EXERCISE DESCRIPTION. Transcribe exactly the lines below that begin at the line with "Holiday balcony vibes. 🍺" and stop after the line with "Rutilio Escandón felicita", leaving out every picture.

SUPPLIED RECORDS.
━━━━━━━━━━━━━━━━━━━━
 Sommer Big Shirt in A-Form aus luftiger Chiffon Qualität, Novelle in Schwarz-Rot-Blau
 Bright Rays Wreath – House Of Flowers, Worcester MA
━━━━━━━━━━━━━━━━━━━━
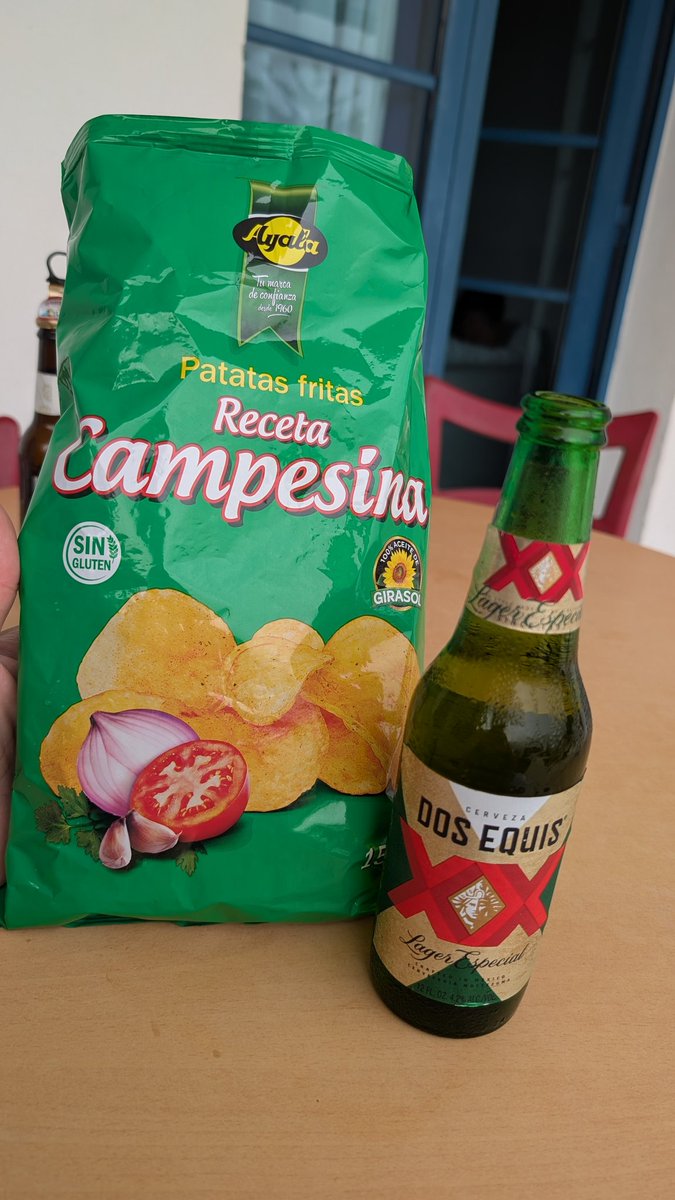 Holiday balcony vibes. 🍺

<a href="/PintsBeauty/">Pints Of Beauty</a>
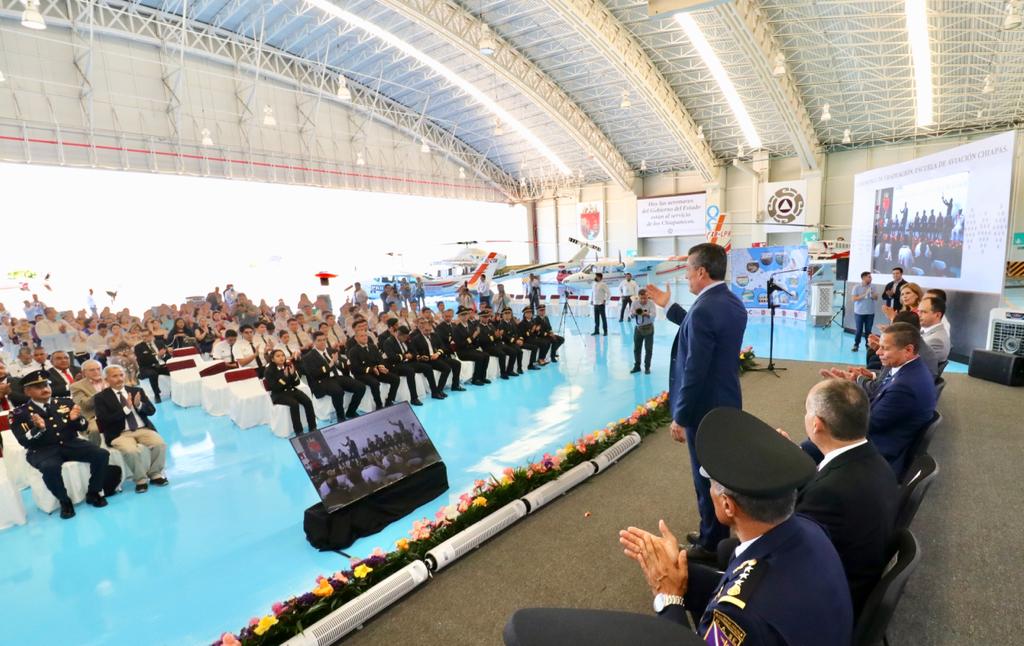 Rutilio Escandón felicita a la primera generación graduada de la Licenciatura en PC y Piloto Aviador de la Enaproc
━━━━━━━━━━━━━━━━━━━━
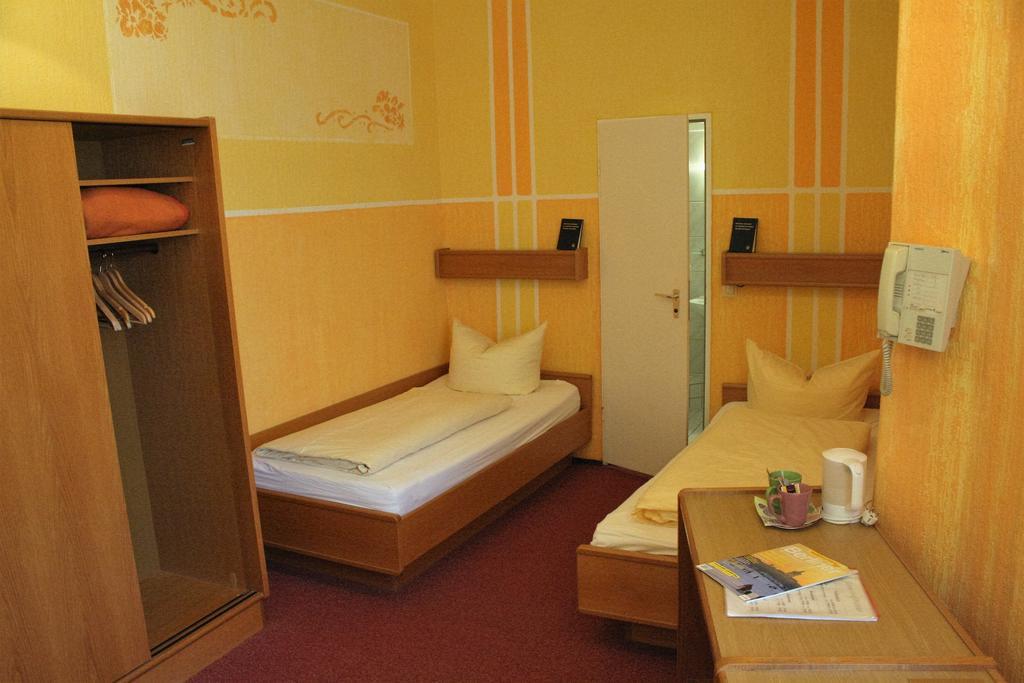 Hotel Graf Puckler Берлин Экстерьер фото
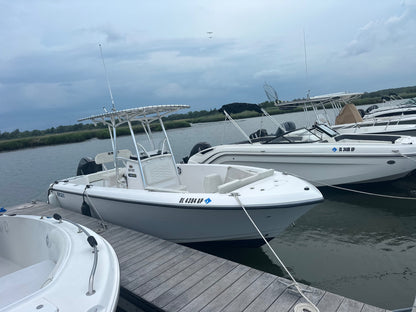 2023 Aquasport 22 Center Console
━━━━━━━━━━━━━━━━━━━━
WRITTEN ANSWER.
 Holiday balcony vibes. 🍺

<a href="/PintsBeauty/">Pints Of Beauty</a>
 Rutilio Escandón felicita a la primera generación graduada de la Licenciatura en PC y Piloto Aviador de la Enaproc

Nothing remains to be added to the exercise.